Sélectionner une page
Vers un monde sans Facebook mais avec blockchain ?
Vers un monde sans Facebook mais avec blockchain

Blockchain, Bitcoin, Ether, blockchain encore et encore. Et si, le temps d’un instant, on laissait de côté l’effet de mode, le “buzzword”, les arnaques et les tentatives de devenir riche, tout à coup, via des monnaies à peine plus solides que les billets Monopoly. Le principe de la blockchain, c’est la décentralisation. En revenant à ces sources, il est envisageable de trouver des usages positifs à cette technologie. Aujourd’hui, l’un d’entre eux pourrait être de remplacer Facebook par un réseau non seulement sécurisé mais également décentralisé (donc non dépendant d’une poignée d’individus tirant les ficelles – et empochant le pognon).

 

Un nouveau Facebook ? Encore et encore ! Qui, ici, se souvient de Peach, de Mastodon voire du dernier mort-né, Vero ? A l’image d’un bon épisode de Game of Thrones, les hordes d’imposteurs chargent le mur dans l’indifférence quasi-générale de la populace et de la garde. Monter une infrastructure équivalente à celle d’une plateforme de dimension mondiale et de milliards d’utilisateurs tout en réussissant à attirer cette base de quidams, leurs amis, leurs familles et autres connexions sur un réseau qui n’a pas fait ses preuves relève, de nos jours, de la mission quasi impossible.

 

A moins que … . Dans les recoins du monde des cryptomonnaies et autres blockchain, il se susurre que la baguette magique qui pourrait ébranler la bête Facebook ne serait autre que la décentralisation.

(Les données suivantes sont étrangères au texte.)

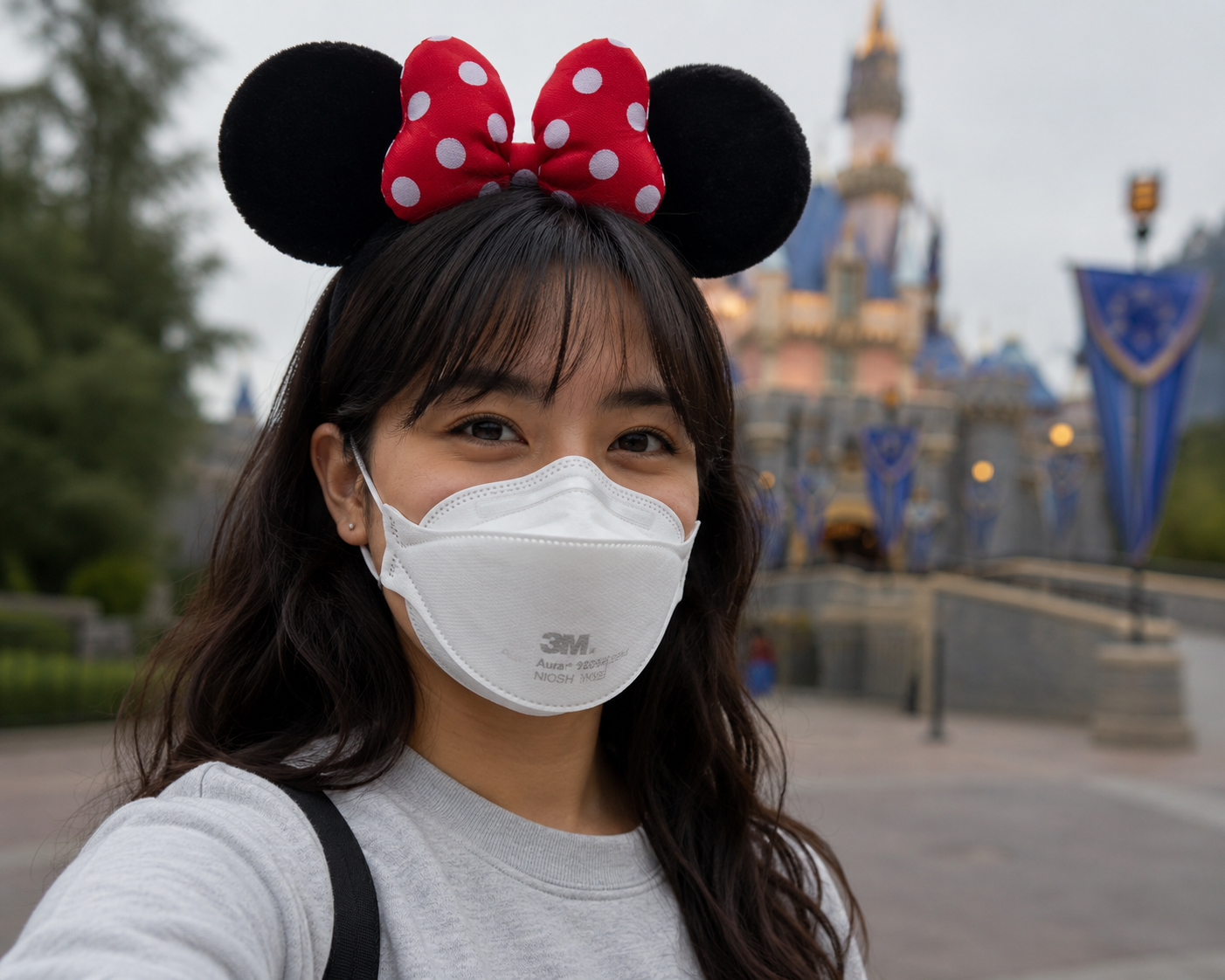 wear mask at disney Blank Meme Template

Celle des utilisateurs en charge de leurs données qu’ils encryptent eux-mêmes, qu’ils conservent là où ils le souhaitent, partagées uniquement avec leur accord explicite et ainsi de suite.

 

L’avenir ? Oui et non. Bien que l’on parle régulièrement blockchain pour les réseaux, en particulier pour permettre une vérification des profils, les groupes actuels se posant en avocats pour un usage de la blockchain font face à une problématique importante. Ils voient trop grand.

Bitcoin, ça vous dit quelque chose ? La monnaie virtuelle, décentralisée, pas nécessairement honnête et, surtout, qui s’est prise à voler un peu trop près du soleil (tombant d’un prix dépassant les 20 000 dollars au plus haut à moins de 9 000 désormais).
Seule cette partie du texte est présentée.